Experiences with Smart Array E200i

TL;DR: Smart Array E200i should not be trusted; HP Array Configuration Utilities are horrible, always prefer Linux’s md.

About four years ago we purchased a ML350 G5 server with some SATA disks and a small BBWC, put them into RAID 10 with a spare. Everything went peachy until about a week ago when we had a full server lockup.

Post-lockup, there was nothing interesting in the logs (from cpqarrayd) or any other obvious cause. Next lockup came a few days later, now I noticed that a spare had been activated successfully; replacement disks were ordered and I started preparing a replacement server.

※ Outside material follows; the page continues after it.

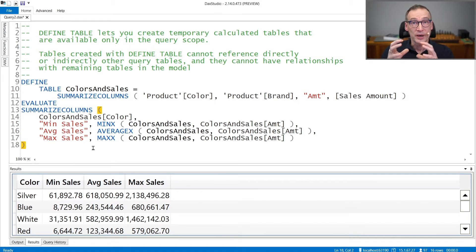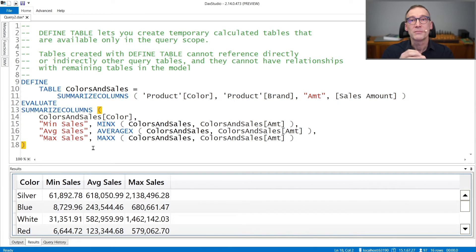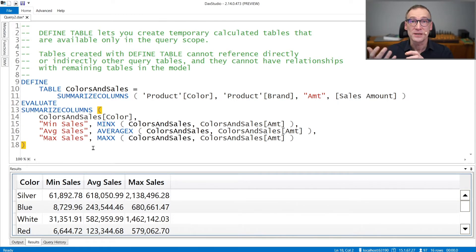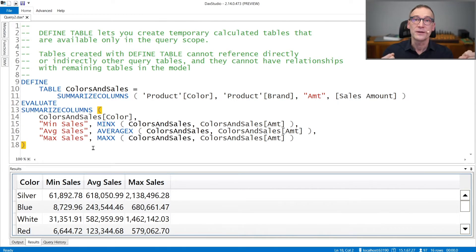So you can group by columns in the table, but any filter placed on these tables will not apply a filter on the data model.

Once the replacement server was up and running I inserted a new drive into a spare bay which already had two fault leds burning for 2/5 original drives. I rebooted into offline HP Array Configuration Utility hoping to add the new drive as a spare to the array. During reboot, E200i decided to forgive the failed drives and had automatically began to recover — not sure what that meant at the time, but apparently the spare device was deactivated.

While E200i is doing anything you cannot reconfigure the array — nor can you for example add a new spare through the Array Configuration Utility CD, you have to do it over hpacucli.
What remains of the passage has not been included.